Australian newspaper 1867 to 1931

The Evening News was the first evening newspaper published in Sydney, New South Wales, Australia. It was published from 29 July 1867 to 21 March 1931. The Sunday edition was published as the Sunday News.

==History==
The Evening News was founded in 1867 by Samuel Bennett and was regarded as a "less serious read" than other Sydney newspapers.
In 1875 labour difficulties forced Bennett to merge another of his papers, The Empire into The Evening News.

A. B. 'Banjo' Paterson was editor from 1903 to 1908, when he resigned.

In November 1918 the firm of S. Bennett Ltd, capital £200,000, was established to acquire the assets of the late Samuel Bennett, including the Evening News, Town and Country Journal, and Woman's Budget. Directors include K. L. Bennett. The Evening News continued to be published until 1931 at which point it was closed by Associated Newspapers Ltd, who had acquired most Sydney newspaper titles by that time. A Sunday morning edition was published as Sunday News from 1919 to 1930.

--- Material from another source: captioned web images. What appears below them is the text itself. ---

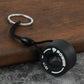 1pc F1 Merchandise Racing Tyre Keychain For  Car / Bike / Home / Office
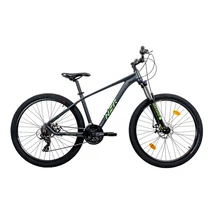 Neuzer duster hobby disc férfi m fekete/neonzöld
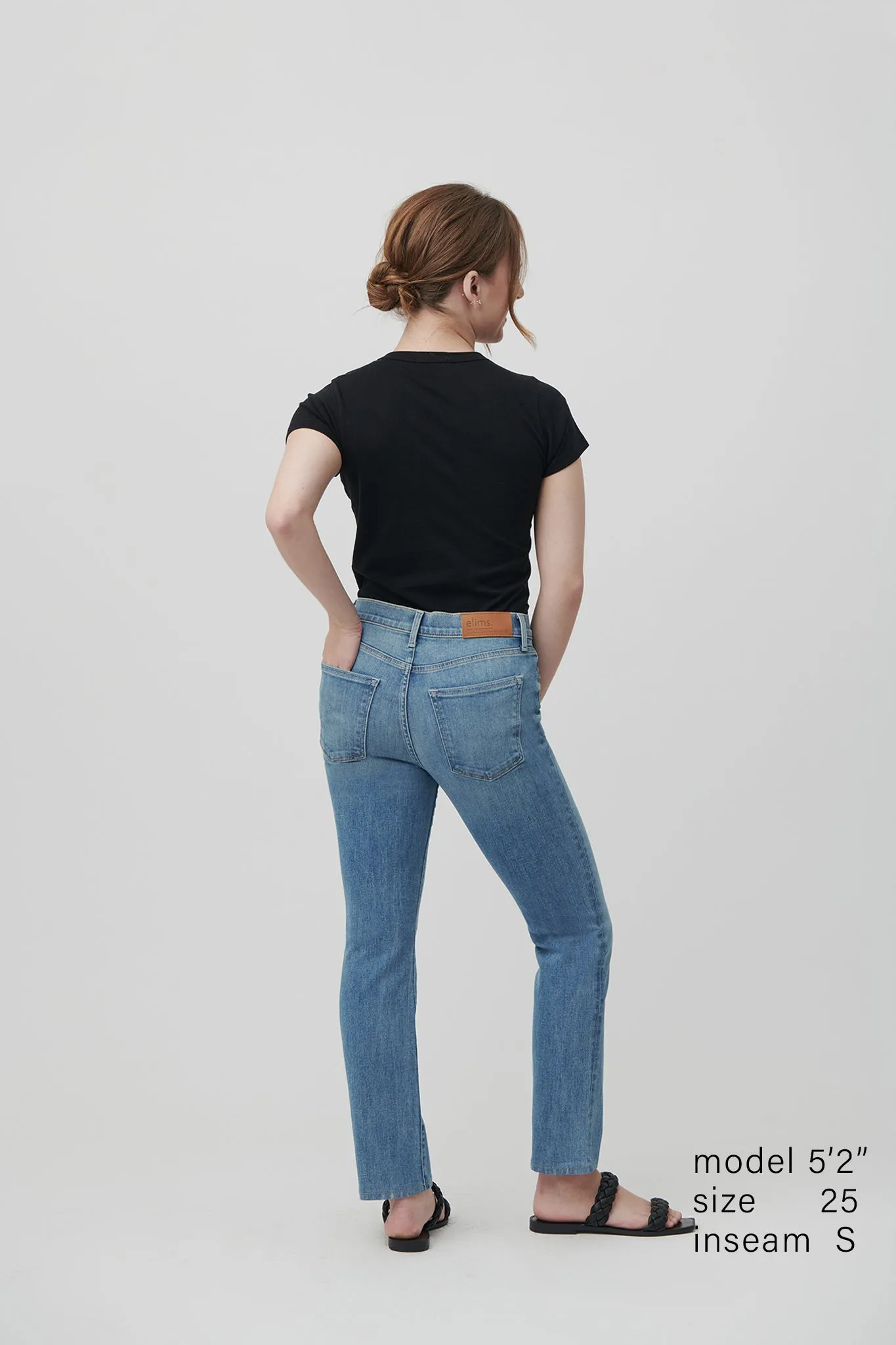 The Melrose Straight Denim  |  Sun-Kissed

The Evening News office was located at 47 Market Street, Sydney in a grand four storey Victorian building in the heart of Sydney. In 1926 the building was sold to Union Theatres Limited for the construction of the new State Theatre that was to become the majestic centrepiece for the new technology 'talkie' films that commenced screening in 1929, signalling an end to the silent movie period.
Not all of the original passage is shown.